As someone who has dealt with trauma, I’ve consistently searched for ways to cope. Being an animal lover, I was drawn to a vegan and an environmentally friendly lifestyle at a young age. What I didn’t realize, however, was how these things overlap.
A recent study by the University of Colorado at Boulder and Loyola University shows a link between childhood trauma and public environmental engagement. The data indicates that those who experience trauma early in life, such as poverty, hunger, loss of a family member, or bullying, are more likely to engage in public-facing “green behavior” as adults. These behaviors include volunteering for an environmental cause, donating money, or writing letters to public officials.
Alternatively, other factors are linked to private “green behaviors,” such as reducing waste, recycling, conserving resources, and more. Early childhood experiences in nature, for instance, often correlate to positive environmental attitudes. However, the study states that childhood trauma is the only factor related to public-facing behaviors.
These findings, published in Scientific Reports, introduce a new way of looking at trauma. While there are plenty of negative effects of trauma (like depression, anxiety, aggression, and even physical health problems), adverse experiences in early life often lead to higher levels of empathy, compassion, and emotional intelligence. Psychology Today states that those who have survived difficult events are often more willing to reach out to others who are struggling. It makes sense for this compassion to extend into environmental matters. Perhaps traumatized individuals are more motivated to prevent others from suffering. “It could also partly be a coping mechanism, to attempt to keep bad things from happening to other people or living things,” said lead author Urooj Raja, a 2021 doctoral graduate of CU Boulder.
Of course, not all environmental activists have experienced trauma. So what else influences a “green” attitude? Unfortunately, according to Forbes, environmental knowledge alone is not linked to action. Other factors that are associated with green behavior include cultural values, government intervention, and social interaction.
According to the Association for Psychological Science, different factors motivate individuals from different backgrounds. Cultural values influence every aspect of life, and environmental engagement is no different. People from individualistic cultures are more likely to be motivated by personal concerns, for instance, while those from collectivist cultures are more motivated by social norms. It is important to understand the intersection between culture and worldview.

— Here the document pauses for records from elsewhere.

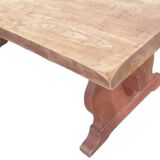 Solid oak farmhouse table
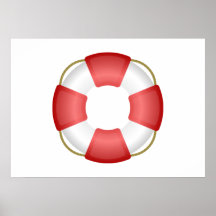 Dispositivo de flotación personal del salvador poster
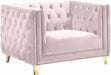 Meridian Furniture - Michelle 3 Piece Living Room Set in Pink -  652Pink-S-3SET - GreatFurnitureDeal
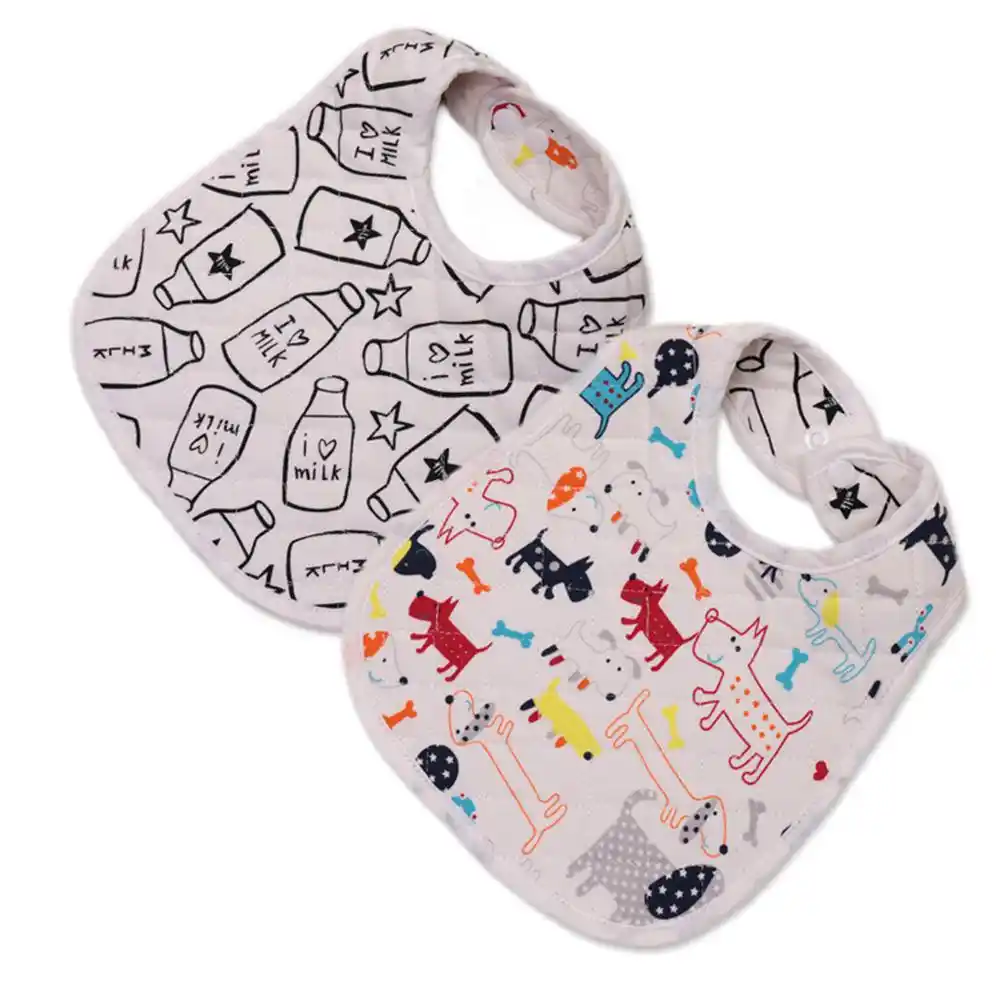 2pcs/set baby bibs boy girl water absorb bib burp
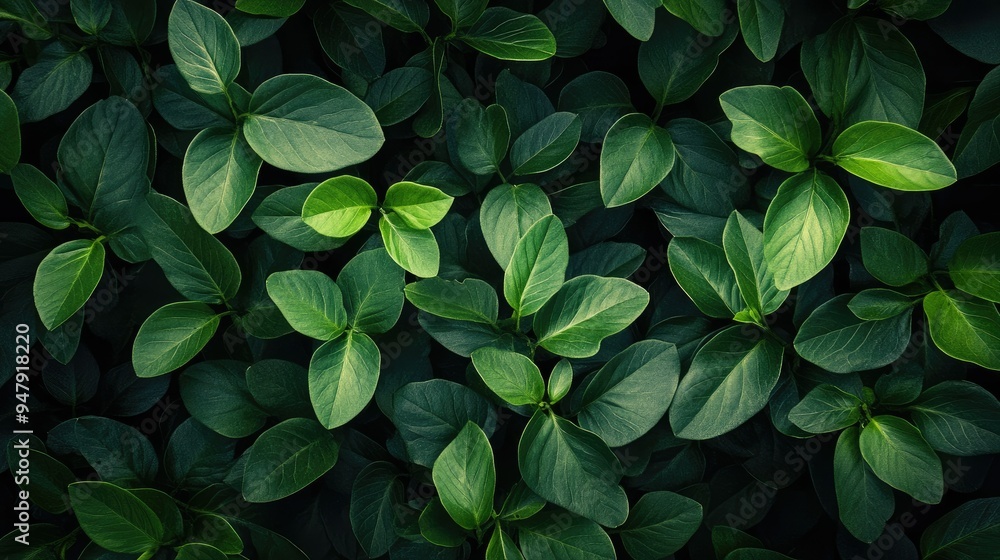 Dark green leaves top view Dark green leaves top view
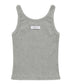 MUCENT(ムセント)/バック ディティール スリーブレス アメスリ タンクトップ/BACK DETAIL SIGNATURE SLEEVELESS | AT2262042 | グレー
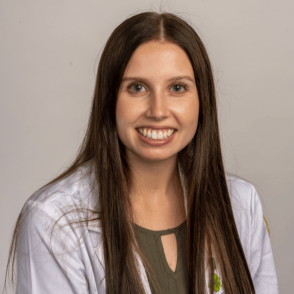 medical student in white coat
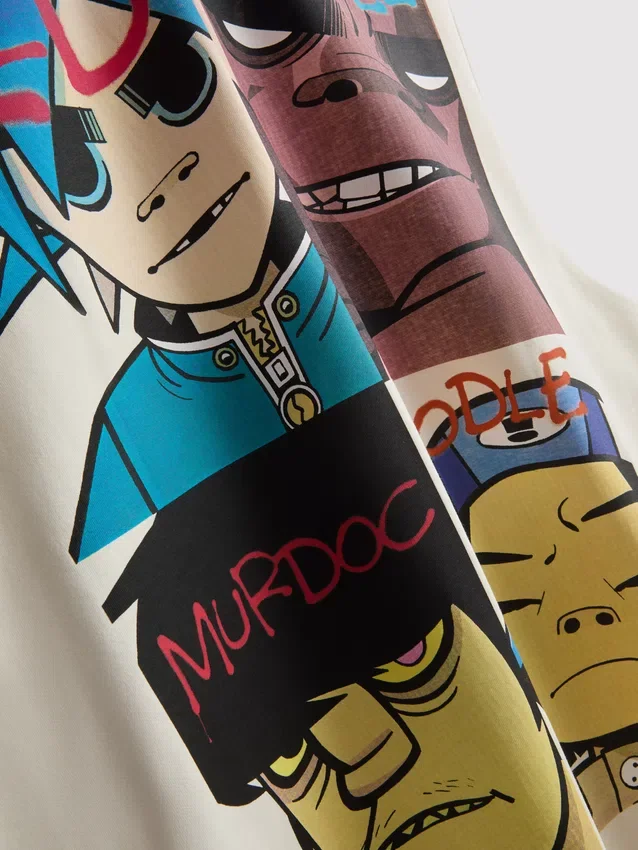 Μπλούζα χωρίς μανίκια με γραφικό Gorillaz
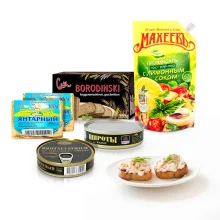 Набор продуктов для закусок - Новогодний №1, 1,25 кг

Government intervention also plays a role. Research in the Journal of Environmental Management shows that “in the absence of government regulation, residents have little motivation to actively choose green consumption.” Instead, a combination of government subsidies and penalties is most effective in motivating residents to make environmentally friendly choices. The Journal of Environmental Management also states that interactions between residents can influence behavior patterns. Having a greater number of neighbors following government policies pushes more residents toward environmentally friendly practices.
If you too have struggled against trauma, knowing that negative events have also empowered you to care about the environment may be a powerful tool in your self-healing.